Sun Country Airlines Holdings Inc (SNCY)

Interest coverage

Dec 31, 2024 Sep 30, 2024 Jun 30, 2024 Mar 31, 2024 Dec 31, 2023 Sep 30, 2023 Jun 30, 2023 Mar 31, 2023 Dec 31, 2022 Sep 30, 2022 Jun 30, 2022 Mar 31, 2022 Dec 31, 2021
Earnings before interest and tax (EBIT) (ttm) US$ in thousands 110,276 103,235 112,324 136,152 136,794 135,170 134,122 98,332 55,001 44,478 45,860 111,513 125,837
Interest expense (ttm) US$ in thousands 44,300 44,600 44,954 45,116 42,634 39,193 35,283 31,086 31,018 29,936 28,729 27,767 26,326
Interest coverage 2.49 2.31 2.50 3.02 3.21 3.45 3.80 3.16 1.77 1.49 1.60 4.02 4.78

December 31, 2024 calculation

Interest coverage = EBIT (ttm) ÷ Interest expense (ttm)
= $110,276K ÷ $44,300K
= 2.49

Sun Country Airlines Holdings Inc's interest coverage ratio measures the company's ability to meet its interest obligations with its operating income. A higher interest coverage ratio indicates a greater ability to cover interest expenses.

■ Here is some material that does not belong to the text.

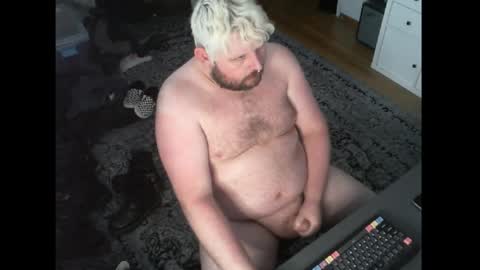 Snapshot of hipguy91 chatting on 05/07/26, 06:35 hipguy91 online show from 05/07/26, 06:35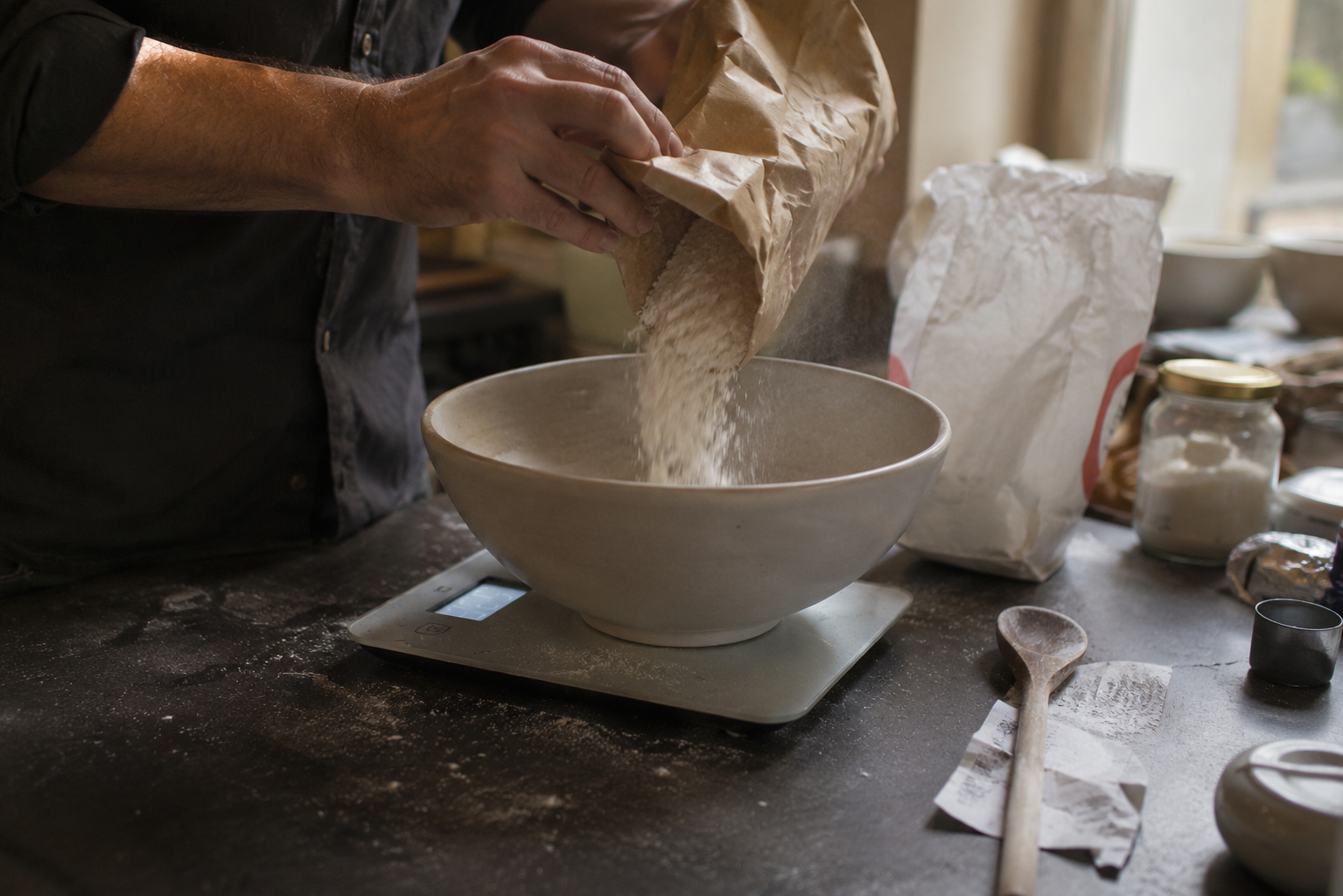 The kitchen scale: when it saves you, when it makes you weird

From December 31, 2021, to September 30, 2022, Sun Country Airlines Holdings Inc's interest coverage ratio declined steeply from 4.78 to 1.49, indicating a potential decrease in the company's ability to cover interest expenses with its operating income. This may raise concerns about the company's financial health and ability to meet debt obligations.

However, from December 31, 2022, to December 31, 2024, the interest coverage ratio showed some improvement, ranging from 1.77 to 2.49. While these ratios still suggest a relatively moderate ability to cover interest expenses, the increasing trend may indicate a positive development in the company's financial position.

Overall, it is essential for investors and stakeholders to monitor the interest coverage ratio of Sun Country Airlines Holdings Inc closely to assess the company's ability to manage its debt and interest payments effectively.